It is the use of superconducting accelerator technology that marked the decisive difference between the TESLA and rival projects, which were to rely on conventional, normally conducting technology. In the course of the development work for TESLA, it emerged that this type of superconducting linear accelerator would also be ideal for operating a free-electron laser in the X-ray range. TESLA was therefore planned as a combined facility, comprising a linear collider for particle physics experiments and an integrated X-ray laser for photon science.
Pioneering work for TESLA
In order to test the technology for TESLA under realistic conditions, the TESLA Collaboration constructed a fully functional test accelerator at DESY – the 100-metre-long TESLA Test Facility TTF – which featured all of the components required for the operation of a superconducting linear accelerator. Thanks to the quality of the development groundwork, the TTF got off to a flying start in 1997. Indeed, the first eight of the superconducting niobium cavities immediately achieved an accelerating field strength (gradient) in excess of the 15 megavolts per metre (MV/m) originally planned. This was a world premiere and also marked a decisive advance on the early days of the project, when the maximum gradient achievable in beam operation was only 5 to 8 MV/m. Meanwhile, it has proven possible to more than double the initially recorded value of 15 MV/m. In this way, the TESLA Collaboration has been able to deliver conclusive proof of the technical feasibility of a superconducting electron-positron linear accelerator.

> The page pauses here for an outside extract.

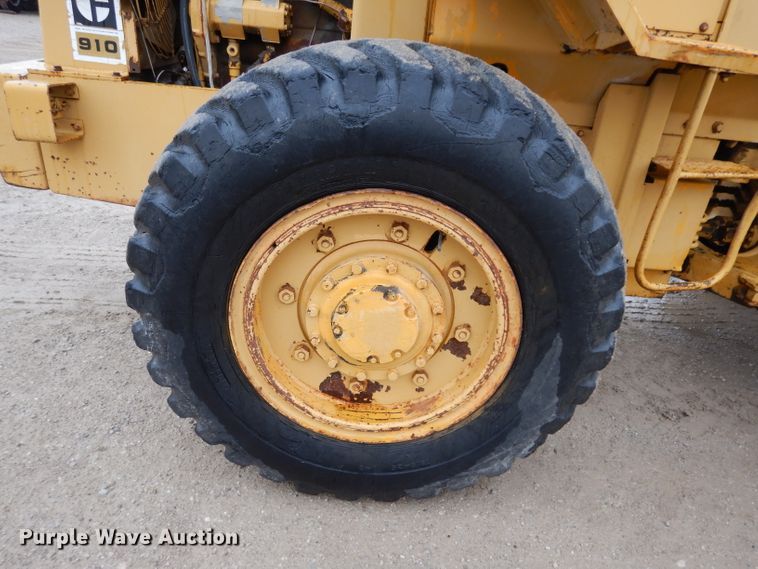 image for item DG6483 1977 Caterpillar 910  wheel loader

The TTF team then went on to demonstrate the feasibility of the second part of the TESLA project, the superconducting X-ray laser. The decisive proof arrived at the start of 2000, when the TTF – following its conversion to a free-electron laser – first produced laser pulses with a wavelength of less than 100 nanometres. After it had successfully fulfilled this mission, the TTF was extended and converted to FLASH, the world’s first ever free-electron laser in the soft X-ray range. Since 2005 it has been available to scientists from around the world for their experiments.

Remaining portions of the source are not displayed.